2 cups hulled and halved strawberries
2 cups raspberries
2 cups blackberries
2 cups chopped ripe peaches, apricots, or nectarines
3/4 cup plus 1 tablespoon sugar
1 tablespoon cornstarch
1 cup all-purpose flour
1/2 cup almond flour
2 teaspoons baking powder
1/2 teaspoon kosher salt
6 tablespoons (3/4 stick) unsalted butter, at room temperature
1 large egg
3/4 cup cooked, pureed orange-fleshed sweetpotatoes (from about 9 ounces raw)
2 teaspoons grated lemon zest


  1. Arrange a rack in the lower third of the oven and preheat it to 350°F.

  2. Toss the strawberries, raspberries, blackberries, and stone fruit in a 13x9x2-inch baking dish. In a small bowl, stir together 1/2 cup of the sugar and the cornstarch until the mixture is well blended. This simple act will ensure that the cornstarch is distributed evenly and gently thickens the fruit juices. Sprinkle the sugar mixture over the fruit, then toss it again to coat the fruit evenly. Let sit while you make the batter.
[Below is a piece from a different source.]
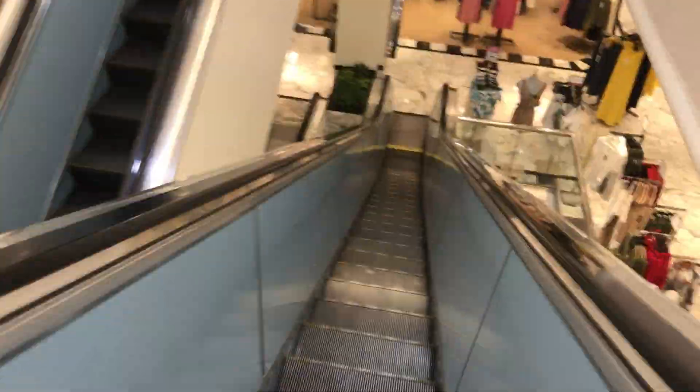Escalator down sign, and here's the store directory. Otis. Otis. Here's the store directory again. Escalator down. Another store directory. Otis.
  3. In a small bowl, stir together the flour, almond flour, baking powder, and salt. In a large bowl, beat the butter and 1/4 cup of the sugar until pale and fluffy, about 2 minutes. Add the egg and beat to combine it fully; then beat in the sweetpotato puree and lemon zest. Add the dry ingredients, beating just to incorporate and form a stiff batter. Drop 6 to 8 heaping tablespoonfuls of the batter evenly over the fruit. Sprinkle the batter with the remaining 1 tablespoon sugar. Set the cobbler on a rimmed baking sheet.

  4. Bake the cobbler until the center is bubbly and the cake is risen and golden, 30 to 35 minutes. Let cool for at least 30 minutes before serving.

Tip: You can also make small tea cakes with this batter and a couple cups of whatever fresh berries are in season. Divide the batter among 12 greased standard muffin cups and top each with a few berries. Bake at 350°F for 20 to 25 minutes.